The Packers aren’t operating as fast as those Bills and Colts teams right now, carefully making sure they’re in the right play at the line. Saturday will be key in speeding the process up.
In Indianapolis, Saturday was responsible for “controlling the tempo,” he said.
“You get more shots at the end zone,” Saturday said. “You increase your ability to have opportunities for big plays as long as you’re a consistent offense. The negative to it is you can go three and out quick and it puts your defense in a strain, but if you keep the tempo going and you’re an efficient offense, you can be very productive.”
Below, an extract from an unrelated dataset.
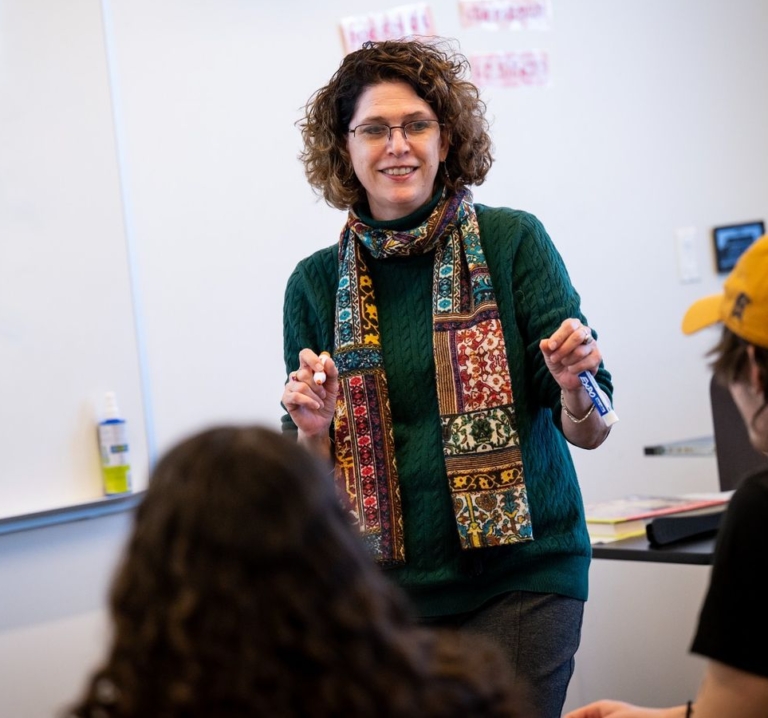 52768894589_f2ef119bcc_o A woman wearing glasses and a patterned scarf stands and speaks in front of a whiteboard to students in a classroom.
Manning didn’t calibrate with his receivers overnight. Neither did Kelly. Saturday said the Colts went no-huddle full-time about five years into Manning’s career. That’s why the time is right for the Packers. Greg Jennings, Jordy Nelson, James Jones, Donald Driver and Finley have all played with Rodgers at least four seasons.
Right now, the short-term concern for the Packers’ no-huddle offense may be conditioning. Jennings and Finley missed a large chunk of training camp due to injuries. Finley says one series of the no-huddle can feel “like you’ve been playing the whole game.” They’ll be busy receivers at practice now until the season opener Sept. 9 against San Francisco.
Keeping defenders huffing and puffing for four quarters is the goal.